En recentrant la question sur le droit communautaire, la Cour a rappelé que le droit au congé parental repose sur d’objectifs sociaux fondamentaux qui doivent présider à l’interprétation des normes dérivées, comme celle de « droits acquis ou en cours d’acquisition » et a posé en principe que l’indemnité compensatoire de préavis devait être calculée comme si la rémunération avait été payée à temps plein ; il serait logique qu’il en soit de même pour l’indemnité de protection (due par l’employeur qui reste en défaut de démontrer que le licenciement est lié à un motif étranger au congé parental) quoique l’arrêt commenté n’aborde pas cette question.
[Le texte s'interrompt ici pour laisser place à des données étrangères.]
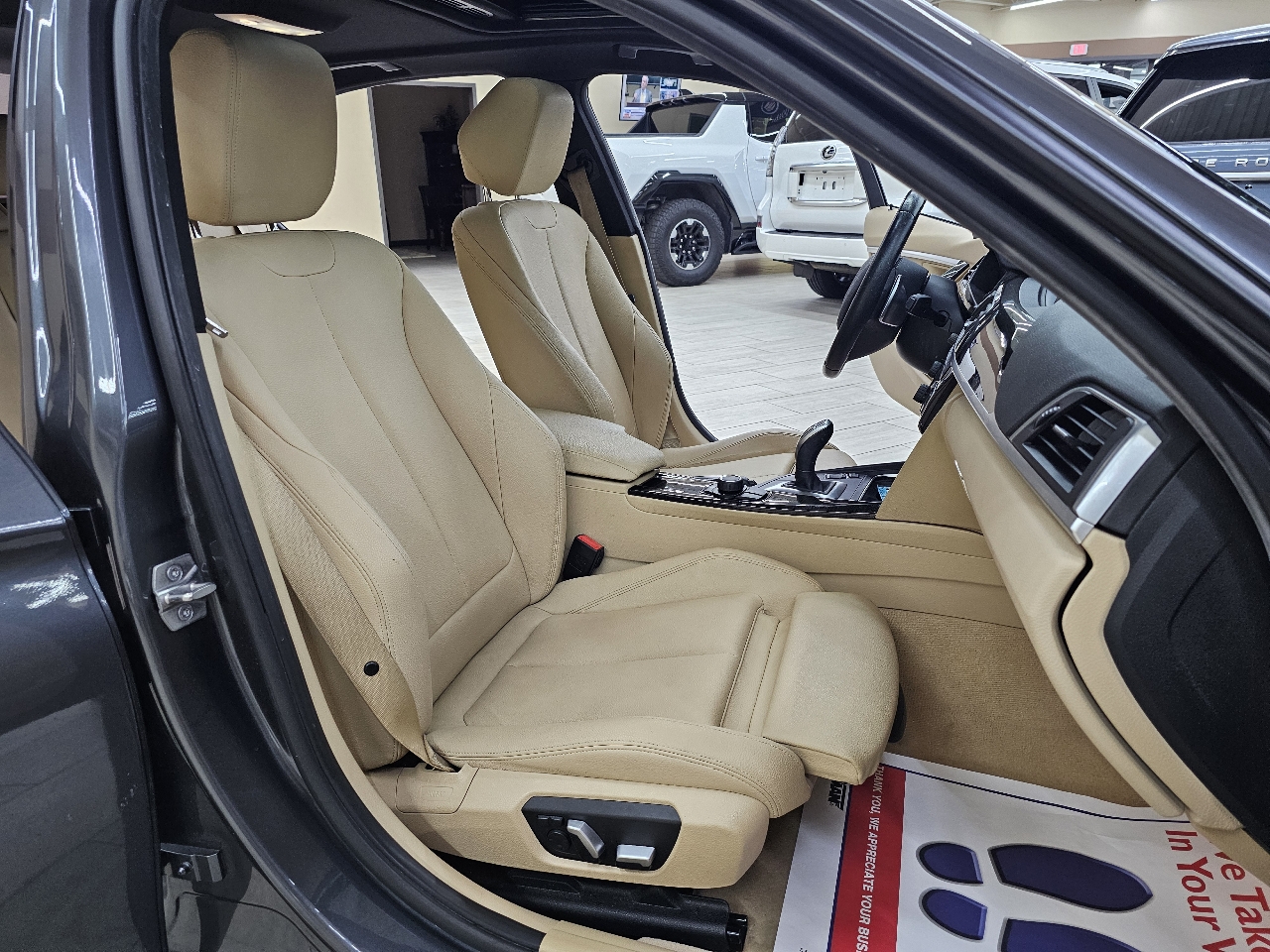 BMW 3-Series 328i Sedan 2016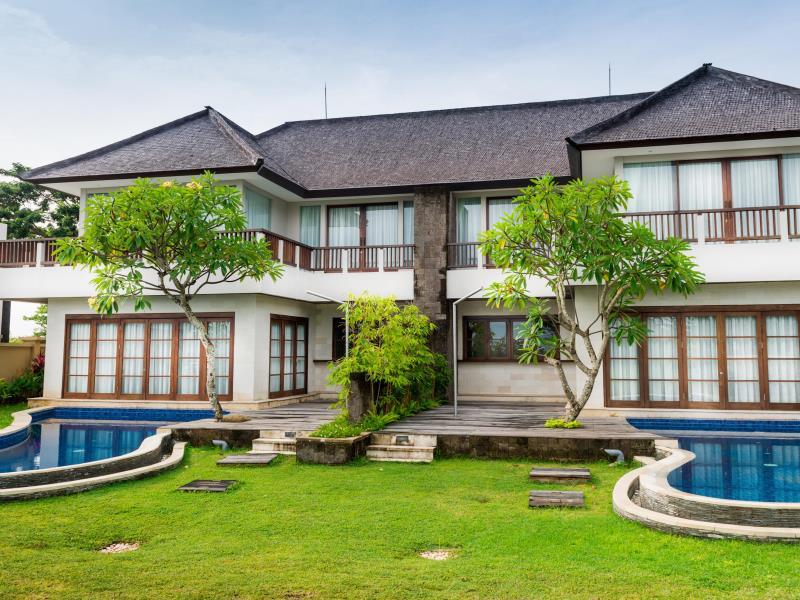 Proyek Renovasi Villa di Bali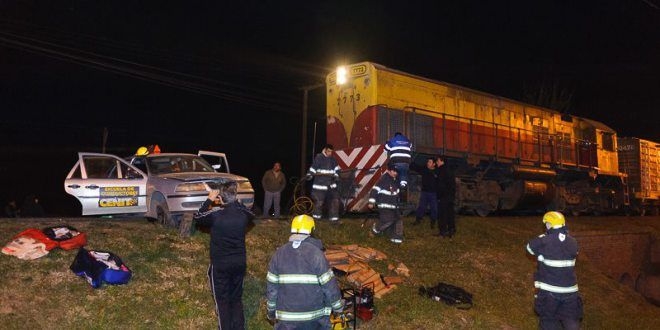 Una mujer quedó atrapada en su auto tras ser embestida por un tren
Par ailleurs, l’on peut se demander si l’arrêt n’est pas de nature à donner un nouveau souffle à la question du calcul des indemnités dans le cas où le licenciement survient en période de crédit-temps à mi-temps ou de réduction des prestations à 4/5e prévus par la CCT 77bis, question que l’on pensait définitivement tranchée par l’arrêt n°51/2008 du 13 mars 2008 de notre Cour Constitutionnelle, dans un sens contraire à celui pris par l’arrêt commenté ci-dessus, étant entendu que la CCT 77bis ne repose, quant à elle, pas sur une directive européenne mais qu’elle poursuit des objectifs analogues à la directive congé parental et peut être rattachée à l’exercice de droits sociaux fondamentaux.